Bagi Iran, penolakan visa ini bukan sekadar soal administrasi. Federasi Sepak Bola Iran mengecam keras apa yang mereka sebut sebagai "perilaku pendendam" dan "perlakuan diskriminatif" dari Washington . Kedutaan Besar Iran di Turki bahkan melontarkan kritik pedas di media sosial, mempertanyakan mengapa AS hanya memberitakan bahwa visa pemain sudah terbit, tetapi bungkam soal penolakan terhadap "sebagian besar" staf pendukung .
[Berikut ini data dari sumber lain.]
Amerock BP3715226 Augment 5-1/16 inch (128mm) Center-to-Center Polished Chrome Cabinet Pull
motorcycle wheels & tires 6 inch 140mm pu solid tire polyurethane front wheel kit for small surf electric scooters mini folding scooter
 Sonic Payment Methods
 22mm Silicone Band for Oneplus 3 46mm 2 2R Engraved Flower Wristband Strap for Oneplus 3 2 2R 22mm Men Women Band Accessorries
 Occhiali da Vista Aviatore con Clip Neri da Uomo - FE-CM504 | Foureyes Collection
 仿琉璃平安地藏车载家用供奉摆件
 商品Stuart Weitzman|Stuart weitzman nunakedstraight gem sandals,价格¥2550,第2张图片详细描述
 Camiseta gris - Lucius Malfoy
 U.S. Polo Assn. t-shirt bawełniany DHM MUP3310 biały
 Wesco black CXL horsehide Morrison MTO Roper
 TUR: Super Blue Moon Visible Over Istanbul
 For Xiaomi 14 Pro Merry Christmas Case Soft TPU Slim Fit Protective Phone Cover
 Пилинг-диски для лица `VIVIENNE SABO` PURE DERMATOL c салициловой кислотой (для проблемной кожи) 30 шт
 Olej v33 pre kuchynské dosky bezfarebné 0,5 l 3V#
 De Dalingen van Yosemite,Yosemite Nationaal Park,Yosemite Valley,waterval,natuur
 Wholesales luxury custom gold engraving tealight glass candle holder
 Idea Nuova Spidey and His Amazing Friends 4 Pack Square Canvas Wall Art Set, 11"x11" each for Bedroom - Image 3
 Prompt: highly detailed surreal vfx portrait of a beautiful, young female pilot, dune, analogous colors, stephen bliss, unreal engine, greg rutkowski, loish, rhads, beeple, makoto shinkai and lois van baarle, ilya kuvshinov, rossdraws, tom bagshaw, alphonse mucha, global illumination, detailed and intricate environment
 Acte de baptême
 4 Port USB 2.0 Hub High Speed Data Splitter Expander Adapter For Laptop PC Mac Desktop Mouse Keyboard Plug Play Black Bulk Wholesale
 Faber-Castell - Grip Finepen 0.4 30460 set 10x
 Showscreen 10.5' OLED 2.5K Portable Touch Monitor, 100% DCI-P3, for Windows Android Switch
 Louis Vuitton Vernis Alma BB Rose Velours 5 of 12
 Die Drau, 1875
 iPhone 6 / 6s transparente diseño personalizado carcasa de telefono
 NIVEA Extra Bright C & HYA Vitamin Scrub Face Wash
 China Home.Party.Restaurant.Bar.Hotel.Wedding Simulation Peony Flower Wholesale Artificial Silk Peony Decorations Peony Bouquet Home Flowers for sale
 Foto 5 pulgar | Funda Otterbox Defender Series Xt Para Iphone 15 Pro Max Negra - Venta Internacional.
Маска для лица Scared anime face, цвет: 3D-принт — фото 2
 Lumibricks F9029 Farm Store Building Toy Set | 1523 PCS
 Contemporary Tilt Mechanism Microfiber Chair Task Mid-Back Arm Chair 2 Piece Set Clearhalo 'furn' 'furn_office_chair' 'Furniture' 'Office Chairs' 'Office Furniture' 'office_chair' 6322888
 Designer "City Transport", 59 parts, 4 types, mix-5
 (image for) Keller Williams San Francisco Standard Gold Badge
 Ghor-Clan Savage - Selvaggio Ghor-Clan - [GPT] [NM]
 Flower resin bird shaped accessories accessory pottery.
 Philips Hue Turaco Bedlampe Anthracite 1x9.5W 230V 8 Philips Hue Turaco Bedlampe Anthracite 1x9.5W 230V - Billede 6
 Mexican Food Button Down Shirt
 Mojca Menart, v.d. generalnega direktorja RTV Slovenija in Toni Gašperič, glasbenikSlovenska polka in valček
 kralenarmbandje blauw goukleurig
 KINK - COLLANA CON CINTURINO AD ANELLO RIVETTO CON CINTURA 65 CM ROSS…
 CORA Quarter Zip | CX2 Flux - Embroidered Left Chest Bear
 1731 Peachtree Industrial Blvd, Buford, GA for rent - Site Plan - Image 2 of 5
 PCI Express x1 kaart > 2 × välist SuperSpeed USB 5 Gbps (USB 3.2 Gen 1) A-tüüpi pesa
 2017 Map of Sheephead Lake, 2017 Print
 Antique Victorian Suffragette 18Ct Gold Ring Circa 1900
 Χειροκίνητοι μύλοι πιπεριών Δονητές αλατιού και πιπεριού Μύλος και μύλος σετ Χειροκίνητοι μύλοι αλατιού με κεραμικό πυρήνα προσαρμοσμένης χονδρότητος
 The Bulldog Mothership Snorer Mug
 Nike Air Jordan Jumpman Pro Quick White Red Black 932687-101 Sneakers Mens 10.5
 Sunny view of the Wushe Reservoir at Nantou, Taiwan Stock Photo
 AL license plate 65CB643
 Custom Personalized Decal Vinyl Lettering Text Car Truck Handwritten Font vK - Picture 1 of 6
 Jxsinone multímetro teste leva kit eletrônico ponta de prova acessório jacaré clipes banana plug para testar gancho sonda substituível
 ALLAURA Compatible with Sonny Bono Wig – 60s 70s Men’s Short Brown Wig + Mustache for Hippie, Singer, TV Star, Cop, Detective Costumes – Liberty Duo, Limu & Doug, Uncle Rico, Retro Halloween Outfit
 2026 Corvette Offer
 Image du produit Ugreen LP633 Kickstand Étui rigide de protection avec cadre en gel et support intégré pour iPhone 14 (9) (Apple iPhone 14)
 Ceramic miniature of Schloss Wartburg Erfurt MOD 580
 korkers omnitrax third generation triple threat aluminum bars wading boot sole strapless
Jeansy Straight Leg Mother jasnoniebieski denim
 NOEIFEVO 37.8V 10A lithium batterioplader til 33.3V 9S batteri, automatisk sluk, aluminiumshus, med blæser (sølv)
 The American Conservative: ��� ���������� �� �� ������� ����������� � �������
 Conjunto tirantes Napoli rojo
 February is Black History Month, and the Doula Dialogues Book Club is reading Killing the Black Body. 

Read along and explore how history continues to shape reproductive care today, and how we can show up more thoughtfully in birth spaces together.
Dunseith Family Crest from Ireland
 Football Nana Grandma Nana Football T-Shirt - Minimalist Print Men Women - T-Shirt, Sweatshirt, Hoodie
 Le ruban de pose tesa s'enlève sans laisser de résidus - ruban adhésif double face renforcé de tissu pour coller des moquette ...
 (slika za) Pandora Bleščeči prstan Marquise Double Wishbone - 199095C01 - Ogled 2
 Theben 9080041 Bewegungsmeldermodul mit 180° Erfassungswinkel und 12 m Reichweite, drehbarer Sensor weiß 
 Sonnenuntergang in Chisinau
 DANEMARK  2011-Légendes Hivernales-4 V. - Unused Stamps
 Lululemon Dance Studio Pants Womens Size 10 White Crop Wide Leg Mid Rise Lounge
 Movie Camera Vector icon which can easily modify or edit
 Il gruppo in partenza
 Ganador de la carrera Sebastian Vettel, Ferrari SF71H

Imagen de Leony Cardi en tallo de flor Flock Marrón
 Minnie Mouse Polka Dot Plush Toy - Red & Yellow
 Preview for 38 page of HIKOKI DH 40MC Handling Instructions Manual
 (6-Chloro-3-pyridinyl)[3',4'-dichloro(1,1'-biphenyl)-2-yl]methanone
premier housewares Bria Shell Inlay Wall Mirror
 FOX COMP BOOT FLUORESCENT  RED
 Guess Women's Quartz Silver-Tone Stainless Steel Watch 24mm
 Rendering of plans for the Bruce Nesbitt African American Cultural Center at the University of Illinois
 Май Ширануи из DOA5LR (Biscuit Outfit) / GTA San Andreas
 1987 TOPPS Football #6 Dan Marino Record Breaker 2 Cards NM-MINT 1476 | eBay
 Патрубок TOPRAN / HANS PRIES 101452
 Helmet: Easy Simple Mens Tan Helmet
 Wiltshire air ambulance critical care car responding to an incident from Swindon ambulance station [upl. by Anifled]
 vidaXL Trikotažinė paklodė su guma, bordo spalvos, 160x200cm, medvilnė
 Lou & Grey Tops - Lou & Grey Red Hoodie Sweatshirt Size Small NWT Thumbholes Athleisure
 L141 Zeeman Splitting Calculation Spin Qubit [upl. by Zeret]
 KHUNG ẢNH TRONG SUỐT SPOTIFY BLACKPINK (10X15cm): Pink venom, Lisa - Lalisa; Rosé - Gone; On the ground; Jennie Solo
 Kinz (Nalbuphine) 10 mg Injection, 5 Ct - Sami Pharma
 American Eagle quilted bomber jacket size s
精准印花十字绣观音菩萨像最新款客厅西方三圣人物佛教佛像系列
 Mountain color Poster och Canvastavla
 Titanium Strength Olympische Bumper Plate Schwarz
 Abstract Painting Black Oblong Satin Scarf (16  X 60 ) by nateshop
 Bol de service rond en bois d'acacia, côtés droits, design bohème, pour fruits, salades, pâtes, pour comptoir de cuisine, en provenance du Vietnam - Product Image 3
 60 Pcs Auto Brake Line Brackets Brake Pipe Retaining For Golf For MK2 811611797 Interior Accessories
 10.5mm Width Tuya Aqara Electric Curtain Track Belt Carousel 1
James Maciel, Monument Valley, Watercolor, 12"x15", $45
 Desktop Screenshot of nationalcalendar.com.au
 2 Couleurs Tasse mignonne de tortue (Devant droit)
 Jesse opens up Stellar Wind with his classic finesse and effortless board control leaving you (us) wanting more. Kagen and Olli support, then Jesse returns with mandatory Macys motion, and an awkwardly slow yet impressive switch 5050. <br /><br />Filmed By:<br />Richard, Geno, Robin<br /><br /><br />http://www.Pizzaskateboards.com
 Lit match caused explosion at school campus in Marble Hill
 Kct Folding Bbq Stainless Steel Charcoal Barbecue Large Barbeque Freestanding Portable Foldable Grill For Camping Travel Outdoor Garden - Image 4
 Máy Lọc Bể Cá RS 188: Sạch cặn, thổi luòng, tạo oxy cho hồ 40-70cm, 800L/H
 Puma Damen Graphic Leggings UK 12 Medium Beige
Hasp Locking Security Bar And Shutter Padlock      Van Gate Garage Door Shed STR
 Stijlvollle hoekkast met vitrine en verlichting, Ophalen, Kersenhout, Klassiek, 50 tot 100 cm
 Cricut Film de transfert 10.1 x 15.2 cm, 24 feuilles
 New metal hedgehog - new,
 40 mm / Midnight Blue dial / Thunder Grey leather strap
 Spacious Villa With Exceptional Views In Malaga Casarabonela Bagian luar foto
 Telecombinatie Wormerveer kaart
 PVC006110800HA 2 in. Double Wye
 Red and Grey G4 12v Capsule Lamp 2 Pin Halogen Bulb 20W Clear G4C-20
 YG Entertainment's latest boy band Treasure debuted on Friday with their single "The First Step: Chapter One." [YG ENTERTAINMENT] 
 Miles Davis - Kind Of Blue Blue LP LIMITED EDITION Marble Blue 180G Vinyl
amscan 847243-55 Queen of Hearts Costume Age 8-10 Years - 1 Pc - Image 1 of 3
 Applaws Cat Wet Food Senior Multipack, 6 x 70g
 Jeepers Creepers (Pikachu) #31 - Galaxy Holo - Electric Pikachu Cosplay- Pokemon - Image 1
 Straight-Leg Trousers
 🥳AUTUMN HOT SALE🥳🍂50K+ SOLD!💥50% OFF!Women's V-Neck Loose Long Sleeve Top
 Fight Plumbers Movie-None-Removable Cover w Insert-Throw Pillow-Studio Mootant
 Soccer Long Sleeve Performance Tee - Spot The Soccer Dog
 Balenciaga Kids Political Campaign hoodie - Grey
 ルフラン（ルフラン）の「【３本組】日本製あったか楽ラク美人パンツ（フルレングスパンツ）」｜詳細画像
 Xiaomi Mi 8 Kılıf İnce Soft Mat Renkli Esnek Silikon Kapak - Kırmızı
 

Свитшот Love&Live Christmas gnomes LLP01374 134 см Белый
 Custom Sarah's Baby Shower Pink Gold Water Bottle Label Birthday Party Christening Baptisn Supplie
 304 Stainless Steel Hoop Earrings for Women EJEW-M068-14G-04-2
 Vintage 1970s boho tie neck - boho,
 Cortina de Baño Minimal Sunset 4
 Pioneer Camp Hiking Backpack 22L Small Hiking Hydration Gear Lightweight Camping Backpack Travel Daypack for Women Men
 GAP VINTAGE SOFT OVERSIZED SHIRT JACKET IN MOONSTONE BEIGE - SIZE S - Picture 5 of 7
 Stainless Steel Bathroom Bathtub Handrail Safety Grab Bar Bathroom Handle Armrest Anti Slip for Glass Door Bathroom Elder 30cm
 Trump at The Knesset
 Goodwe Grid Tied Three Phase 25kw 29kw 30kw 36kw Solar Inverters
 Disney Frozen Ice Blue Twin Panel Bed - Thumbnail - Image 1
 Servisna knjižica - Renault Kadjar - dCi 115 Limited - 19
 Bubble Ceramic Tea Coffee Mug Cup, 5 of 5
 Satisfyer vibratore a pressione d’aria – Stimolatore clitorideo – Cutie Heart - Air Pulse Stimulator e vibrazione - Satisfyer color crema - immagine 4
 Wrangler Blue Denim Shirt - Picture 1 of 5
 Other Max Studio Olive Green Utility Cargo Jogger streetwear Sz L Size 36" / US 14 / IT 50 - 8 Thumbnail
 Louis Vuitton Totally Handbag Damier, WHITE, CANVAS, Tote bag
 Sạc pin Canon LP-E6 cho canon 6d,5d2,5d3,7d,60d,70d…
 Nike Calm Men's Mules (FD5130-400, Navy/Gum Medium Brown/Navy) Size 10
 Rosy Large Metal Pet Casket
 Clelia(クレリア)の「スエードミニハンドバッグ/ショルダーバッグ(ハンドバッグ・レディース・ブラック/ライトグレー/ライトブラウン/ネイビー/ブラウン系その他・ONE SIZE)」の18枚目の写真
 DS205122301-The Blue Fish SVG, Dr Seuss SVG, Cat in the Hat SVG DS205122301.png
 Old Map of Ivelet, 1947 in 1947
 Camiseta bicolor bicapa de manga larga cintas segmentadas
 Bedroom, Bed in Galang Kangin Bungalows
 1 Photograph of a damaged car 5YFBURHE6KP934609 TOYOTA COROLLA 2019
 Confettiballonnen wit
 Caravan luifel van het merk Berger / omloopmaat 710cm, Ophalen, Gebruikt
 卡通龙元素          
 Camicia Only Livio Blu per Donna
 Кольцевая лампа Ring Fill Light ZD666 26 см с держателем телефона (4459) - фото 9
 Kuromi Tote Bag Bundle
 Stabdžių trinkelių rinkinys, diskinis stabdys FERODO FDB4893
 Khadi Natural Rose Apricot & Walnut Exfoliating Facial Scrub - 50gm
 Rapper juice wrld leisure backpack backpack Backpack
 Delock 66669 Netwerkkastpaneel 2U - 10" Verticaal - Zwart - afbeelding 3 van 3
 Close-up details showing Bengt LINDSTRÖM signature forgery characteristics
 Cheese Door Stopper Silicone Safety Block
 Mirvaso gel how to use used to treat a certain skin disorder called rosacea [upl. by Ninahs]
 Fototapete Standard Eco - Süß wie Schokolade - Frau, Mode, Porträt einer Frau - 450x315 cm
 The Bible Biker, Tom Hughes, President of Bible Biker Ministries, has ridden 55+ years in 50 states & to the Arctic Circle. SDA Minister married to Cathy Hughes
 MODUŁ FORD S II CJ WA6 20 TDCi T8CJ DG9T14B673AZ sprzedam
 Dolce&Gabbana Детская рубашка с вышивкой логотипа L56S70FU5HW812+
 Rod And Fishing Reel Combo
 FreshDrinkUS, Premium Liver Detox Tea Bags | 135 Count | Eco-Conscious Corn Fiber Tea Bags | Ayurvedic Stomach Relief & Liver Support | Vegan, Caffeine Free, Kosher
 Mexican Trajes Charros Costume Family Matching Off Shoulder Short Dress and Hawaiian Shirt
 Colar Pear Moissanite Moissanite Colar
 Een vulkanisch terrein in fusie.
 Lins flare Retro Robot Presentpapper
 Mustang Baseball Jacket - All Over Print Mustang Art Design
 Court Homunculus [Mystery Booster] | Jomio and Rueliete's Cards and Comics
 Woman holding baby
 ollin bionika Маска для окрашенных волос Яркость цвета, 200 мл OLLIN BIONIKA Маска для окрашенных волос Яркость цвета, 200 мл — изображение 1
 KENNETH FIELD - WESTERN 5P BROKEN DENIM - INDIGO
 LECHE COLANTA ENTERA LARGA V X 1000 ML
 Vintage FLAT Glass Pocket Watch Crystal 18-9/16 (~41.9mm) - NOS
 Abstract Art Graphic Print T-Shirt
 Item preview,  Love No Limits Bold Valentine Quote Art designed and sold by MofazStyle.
Utusan AS Tom Barrack sebelumnya menyatakan bahwa visa telah diberikan, namun pernyataan itu langsung ditepis oleh pihak Iran . Perselisihan ini tidak terjadi di ruang hampa. Ia bertumpuk di atas gunung es permusuhan AS-Iran yang sudah memanas, lengkap dengan sanksi ekonomi dan ketegangan militer .
Pemerintahan AS bergeming. Andrew Giuliani, Kepala Gugus Tugas Gedung Putih untuk Piala Dunia, secara terbuka membela penolakan visa tersebut dengan alasan keamanan dan proses pemeriksaan yang ketat .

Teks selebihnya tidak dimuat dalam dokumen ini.